2. Intervalo: a estética do pathos de Eisenstein e a construção composicional de Zola

Para compreender a proposta deste texto é preciso fazer um intervalo para situar o ponto de vista do pensador e cineasta russo Serguei Eisenstein (1898-1948) e seu estudo da obra de Émile Zola (1840-1902), mostrando a correspondência entre as escolhas estéticas deste escritor francês e as situações extraverbais selecionadas e constituídas nos enunciados e seus romances, caracterizadas pelo processo de evocação imagética dos espaços urbanos  onde se passavam sofrimentos geradores do pathos existencial de sua época.

Ele toma como objeto de referência os romances do escritor, uma mídia impressa hegemônica em seu tempo. As obras em geral retratam as dificuldades e sofrimentos de personagens típicos da vida social no processo de urbanidade em fase de organização nas transformações e crises na França do final do século XIX.

Em seguida, apresentaremos artigos publicados em jornais paulistanos em cadernos culturais pelo historiador Peter Burke e que apontam para situações de conflito urbano com princípios diferentes, mas que atentam para a mesma forma estética de representação dor diante dos dramas das cidades em nossos dias do século XXI. Há uma correspondência destes procedimentos com as formas de apresentação de textos nas mídias contemporâneas e a sensibilidade dos destinatários aos quais estas formas se destinam.

Partimos do princípio de que as formas de construção composicional e enunciados em textos verbais integrados aos textos visuais ou a determinados procedimentos discursivos de impacto estão organizados nas mídias impressas das duas épocas referidas com recursos que materializam sensações e posições axiológicas correspondentes às dos destinatários de cada veículo. Há uma interferência das transformações nos recursos tecnológicos. Na atualidade, há uma interdependência e um diálogo de códigos e de formas sígnicas nos textos jornalísticos em relação à predominância do signo verbal nos romances.

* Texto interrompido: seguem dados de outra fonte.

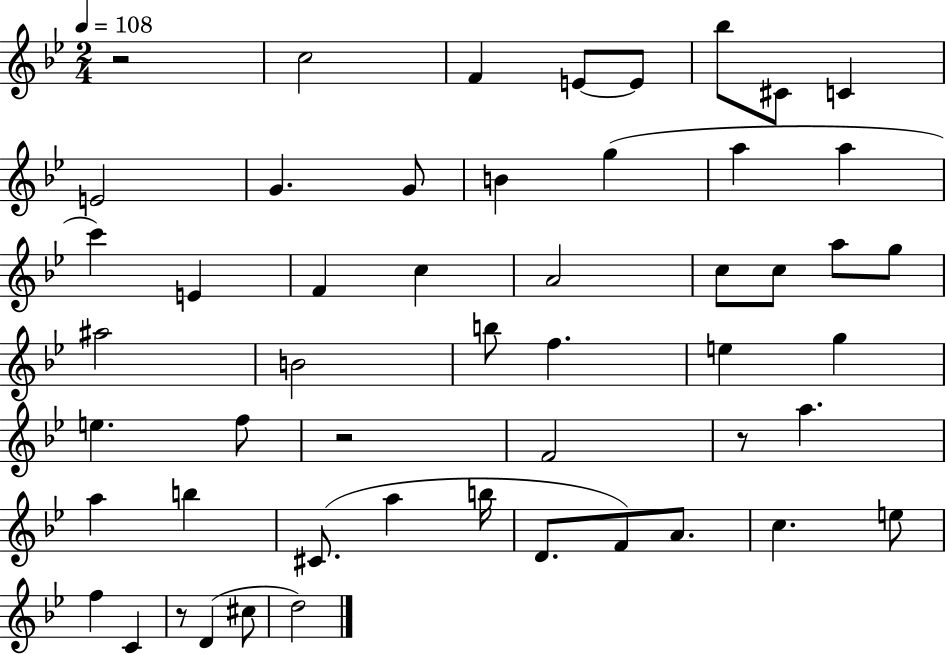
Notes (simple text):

R/h C5/h F4/q E4/e E4/e Bb5/e C#4/e C4/q E4/h G4/q. G4/e B4/q G5/q A5/q A5/q C6/q E4/q F4/q C5/q A4/h C5/e C5/e A5/e G5/e A#5/h B4/h B5/e F5/q. E5/q G5/q E5/q. F5/e R/h F4/h R/e A5/q. A5/q B5/q C#4/e. A5/q B5/s D4/e. F4/e A4/e. C5/q. E5/e F5/q C4/q R/e D4/q C#5/e D5/h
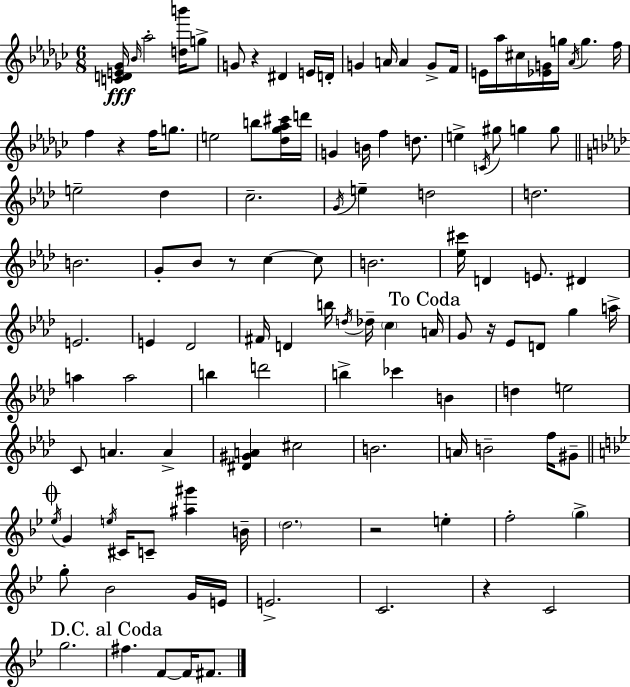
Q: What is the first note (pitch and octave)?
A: Bb4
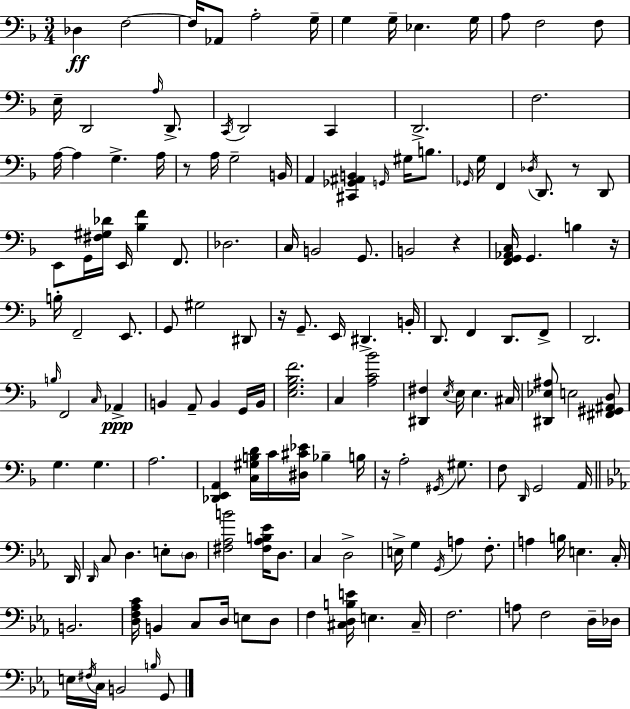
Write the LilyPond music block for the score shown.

{
  \clef bass
  \numericTimeSignature
  \time 3/4
  \key d \minor
  des4\ff f2~~ | f16 aes,8 a2-. g16-- | g4 g16-- ees4. g16 | a8 f2 f8 | \break e16-- d,2 \grace { a16 } d,8.-> | \acciaccatura { c,16 } d,2 c,4 | d,2.-> | f2. | \break a16~~ a4 g4.-> | a16 r8 a16 g2-- | b,16 a,4 <cis, ges, ais, b,>4 \grace { g,16 } gis16 | b8. \grace { ges,16 } g16 f,4 \acciaccatura { des16 } d,8. | \break r8 d,8 e,8 g,16 <fis gis des'>16 e,16 <bes f'>4 | f,8. des2. | c16 b,2 | g,8. b,2 | \break r4 <f, g, aes, c>16 g,4. | b4 r16 b16-. f,2-- | e,8. g,8 gis2 | dis,8 r16 g,8.-- e,16 dis,4.-> | \break b,16-. d,8. f,4 | d,8. f,8-> d,2. | \grace { b16 } f,2 | \grace { c16 }\ppp aes,4-> b,4 a,8-- | \break b,4 g,16 b,16 <e g bes f'>2. | c4 <a c' bes'>2 | <dis, fis>4 \acciaccatura { e16 } | e16 e4. cis16 <dis, ees ais>8 e2 | \break <fis, gis, ais, d>8 g4. | g4. a2. | <des, e, a,>4 | <c gis b d'>16 c'16 <dis cis' ees'>16 bes4-- b16 r16 a2-. | \break \acciaccatura { gis,16 } gis8. f8 \grace { d,16 } | g,2 a,16 \bar "||" \break \key ees \major d,16 \grace { d,16 } c8 d4. e8-. | \parenthesize d8 <fis aes b'>2 <fis aes b ees'>16 d8. | c4 d2-> | e16-> g4 \acciaccatura { g,16 } a4 | \break f8.-. a4 b16 e4. | c16-. b,2. | <d f aes c'>16 b,4 c8 d16 e8 | d8 f4 <cis d b e'>16 e4. | \break cis16-- f2. | a8 f2 | d16-- des16 e16 \acciaccatura { fis16 } c16 b,2 | \grace { b16 } g,8 \bar "|."
}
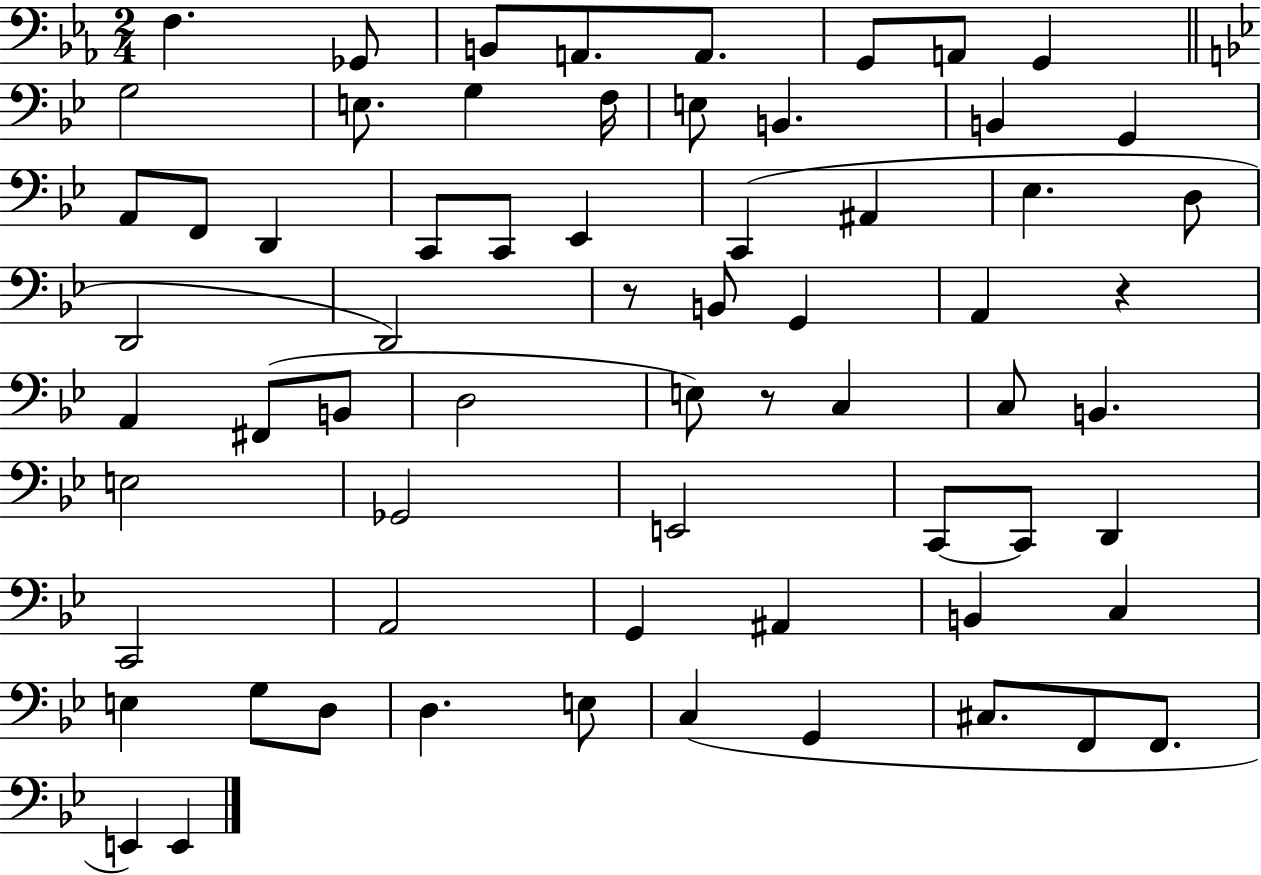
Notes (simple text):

F3/q. Gb2/e B2/e A2/e. A2/e. G2/e A2/e G2/q G3/h E3/e. G3/q F3/s E3/e B2/q. B2/q G2/q A2/e F2/e D2/q C2/e C2/e Eb2/q C2/q A#2/q Eb3/q. D3/e D2/h D2/h R/e B2/e G2/q A2/q R/q A2/q F#2/e B2/e D3/h E3/e R/e C3/q C3/e B2/q. E3/h Gb2/h E2/h C2/e C2/e D2/q C2/h A2/h G2/q A#2/q B2/q C3/q E3/q G3/e D3/e D3/q. E3/e C3/q G2/q C#3/e. F2/e F2/e. E2/q E2/q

Enunciados e diferentes formas sígnicas convivem com a mesma intensidade numa mesma página de jornal. A leitura do texto verbal interage e dialoga com fotos e grafismos. Este fato remete à noção de montagem, de fragmento apreendido e graficamente editado com um mesmo objetivo: criar possibilidades de provocar no leitor um processo de identificação acontecimentos na configuração de sua sensibilidade.

Como apoio para este modo de raciocinar e compreender este fenômeno, recorremos à “teoria do pathos” ou “estética do pathos” como ficou conhecida a concepção de arte, de criação e interpretação praticada por Serguei Mikhailovitch Eisenstein (1898-1948). Ele defendia a idéia de que existe uma “semelhança estrutural entre o objeto estético e a reação humana que ele provoca” (Cf. SEGAL, Apud SCHNAIDERMAN, 1979:235).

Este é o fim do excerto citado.